The Silver Route is perhaps the best known of the routes that run through and from Andalusia. In fact, it is the only one that comes closest to Santiago de Compostela before dying out on another Jacobean route, namely, the French Way or the Sanabrés Way. Its name has nothing to do with the precious metal, but rather with the derives from the phonetic evolution of the Muslim word “al-Balath which means pavement” or “cobblestone road”: in fact, this route is called “road” because in some sections it runs along the magnificent paved Roman road of the 1st century B.C. that linked Emerita Augusta (Merida) and Asturica Augusta (Astorga).

A route with a strong historical justification (in fact, it was one of the first to be born), and travelled by 9,201 pilgrims in 2019, 2.65% of the total and in moderate annual increase.

Route in Andalucia

In Andalusia this route runs through the province of Seville, being its capital, Seville, the official start of it. It passes through Camas, Santiponce, Guillena, Castilblanco de los Arroyos, El Berrocal, Almadén de la Plata and El Real de la Jara, being signposted with yellow arrows, although depending on the Autonomous Community the signposting may be more complete, as in the case of Galicia.

About 956 km separate Seville from Santiago de Compostela. Andalusia is very rich in natural, cultural and historical heritage. The landscape is painted with vineyards, olive groves, and ancient pastures, where we can find pigs and cattle (watch out for the bulls!). In the province of Seville we will not find a great difficulty in the terrain, although there is some ascent, being suitable for pilgrims on foot and by bicycle. It is a route with little traffic and in some places with few services, and there is a very important recommendation to take into account: choose well when to do it, because in the central summer months the heat can be suffocating and very dangerous. This can be applied to any route that runs through Andalusia.

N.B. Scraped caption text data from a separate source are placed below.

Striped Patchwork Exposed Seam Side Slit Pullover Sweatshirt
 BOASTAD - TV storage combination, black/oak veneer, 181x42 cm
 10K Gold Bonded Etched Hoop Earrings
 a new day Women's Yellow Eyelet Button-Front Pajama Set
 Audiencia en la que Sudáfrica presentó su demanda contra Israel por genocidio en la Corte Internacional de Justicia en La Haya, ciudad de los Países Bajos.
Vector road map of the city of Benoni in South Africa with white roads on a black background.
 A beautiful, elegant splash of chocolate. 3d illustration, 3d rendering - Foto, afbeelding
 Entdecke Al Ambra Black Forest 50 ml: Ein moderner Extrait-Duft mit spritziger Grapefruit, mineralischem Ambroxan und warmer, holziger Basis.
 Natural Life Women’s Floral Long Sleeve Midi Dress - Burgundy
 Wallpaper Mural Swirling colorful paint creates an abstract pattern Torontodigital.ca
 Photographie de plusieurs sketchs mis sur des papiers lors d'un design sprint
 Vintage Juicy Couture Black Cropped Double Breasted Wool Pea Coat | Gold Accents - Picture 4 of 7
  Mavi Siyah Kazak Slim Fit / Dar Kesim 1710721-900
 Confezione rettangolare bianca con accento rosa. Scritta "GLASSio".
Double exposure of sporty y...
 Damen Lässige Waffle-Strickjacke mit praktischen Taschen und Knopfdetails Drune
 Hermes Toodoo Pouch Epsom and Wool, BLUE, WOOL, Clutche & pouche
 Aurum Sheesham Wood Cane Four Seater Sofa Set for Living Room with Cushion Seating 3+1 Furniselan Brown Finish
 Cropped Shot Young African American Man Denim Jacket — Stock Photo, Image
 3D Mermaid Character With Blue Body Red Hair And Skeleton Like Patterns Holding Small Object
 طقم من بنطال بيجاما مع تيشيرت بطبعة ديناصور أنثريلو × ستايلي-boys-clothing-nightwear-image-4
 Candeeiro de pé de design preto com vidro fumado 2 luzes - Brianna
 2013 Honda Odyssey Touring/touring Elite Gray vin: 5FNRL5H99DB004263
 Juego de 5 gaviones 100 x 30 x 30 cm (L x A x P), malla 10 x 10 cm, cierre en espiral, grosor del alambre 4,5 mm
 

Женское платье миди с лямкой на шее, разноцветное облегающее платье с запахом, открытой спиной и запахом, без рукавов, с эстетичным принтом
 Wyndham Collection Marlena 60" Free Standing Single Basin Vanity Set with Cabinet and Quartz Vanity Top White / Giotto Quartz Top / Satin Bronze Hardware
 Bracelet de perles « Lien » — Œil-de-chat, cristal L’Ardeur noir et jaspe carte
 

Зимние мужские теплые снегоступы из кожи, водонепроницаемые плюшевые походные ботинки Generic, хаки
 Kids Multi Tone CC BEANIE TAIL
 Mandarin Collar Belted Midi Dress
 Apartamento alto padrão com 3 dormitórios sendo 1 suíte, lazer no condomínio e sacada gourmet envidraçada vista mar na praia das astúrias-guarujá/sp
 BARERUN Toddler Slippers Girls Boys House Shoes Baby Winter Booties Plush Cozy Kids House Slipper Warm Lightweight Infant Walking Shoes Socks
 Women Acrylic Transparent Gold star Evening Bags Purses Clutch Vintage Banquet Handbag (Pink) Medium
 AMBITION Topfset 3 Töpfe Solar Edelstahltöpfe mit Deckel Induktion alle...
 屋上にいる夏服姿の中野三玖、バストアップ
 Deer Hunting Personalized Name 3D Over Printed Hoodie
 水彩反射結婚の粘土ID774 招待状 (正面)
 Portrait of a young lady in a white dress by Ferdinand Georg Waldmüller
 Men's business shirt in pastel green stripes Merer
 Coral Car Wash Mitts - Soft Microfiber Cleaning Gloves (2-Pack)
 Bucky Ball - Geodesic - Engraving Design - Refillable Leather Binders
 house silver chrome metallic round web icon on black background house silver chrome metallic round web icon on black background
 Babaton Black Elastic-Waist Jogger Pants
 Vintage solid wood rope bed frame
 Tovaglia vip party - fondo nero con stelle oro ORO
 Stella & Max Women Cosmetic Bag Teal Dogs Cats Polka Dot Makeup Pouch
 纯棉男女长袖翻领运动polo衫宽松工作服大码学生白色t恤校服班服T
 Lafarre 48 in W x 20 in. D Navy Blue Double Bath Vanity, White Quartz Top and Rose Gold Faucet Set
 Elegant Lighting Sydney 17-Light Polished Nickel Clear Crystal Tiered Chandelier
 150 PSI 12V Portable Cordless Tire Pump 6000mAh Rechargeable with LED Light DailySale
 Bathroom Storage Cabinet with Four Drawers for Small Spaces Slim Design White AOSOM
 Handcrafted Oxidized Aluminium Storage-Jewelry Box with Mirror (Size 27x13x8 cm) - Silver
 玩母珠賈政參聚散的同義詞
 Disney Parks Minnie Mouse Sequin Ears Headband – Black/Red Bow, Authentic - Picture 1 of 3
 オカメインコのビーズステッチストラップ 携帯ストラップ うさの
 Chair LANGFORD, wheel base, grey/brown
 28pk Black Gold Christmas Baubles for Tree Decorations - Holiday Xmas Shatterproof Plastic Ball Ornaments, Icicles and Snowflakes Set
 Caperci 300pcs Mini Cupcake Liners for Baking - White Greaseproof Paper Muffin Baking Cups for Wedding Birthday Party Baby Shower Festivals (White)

Guadalquivir river in Sevilla

A division of stages could be:

  1. Seville – Guillena (21 km)
  2. Guillena – Castilblanco de los Arroyos (18 km)
  3. Castilblanco de los Arroyos – Almadén de la Plata (28 km)
  4. Almadén de la Plata – El Real de la Jara (13 km)

The Vía de la Plata would reach this point in Andalusia, where it would pass to the province of Badajoz, in Extremadura, through which the Way would continue to Santiago de Compostela.

Mozarabic Way

The Mozarabic Camino de Santiago is a historical route born as a the need for the Mozarabic population of Al-Andalus, i.e. the Christians in Muslim territory: with the hostile context between Christians and Muslims in the High Middle Ages, it was necessary to to go to Santiago as a champion of Christianity in the Iberian Peninsula, and hence the development of this route.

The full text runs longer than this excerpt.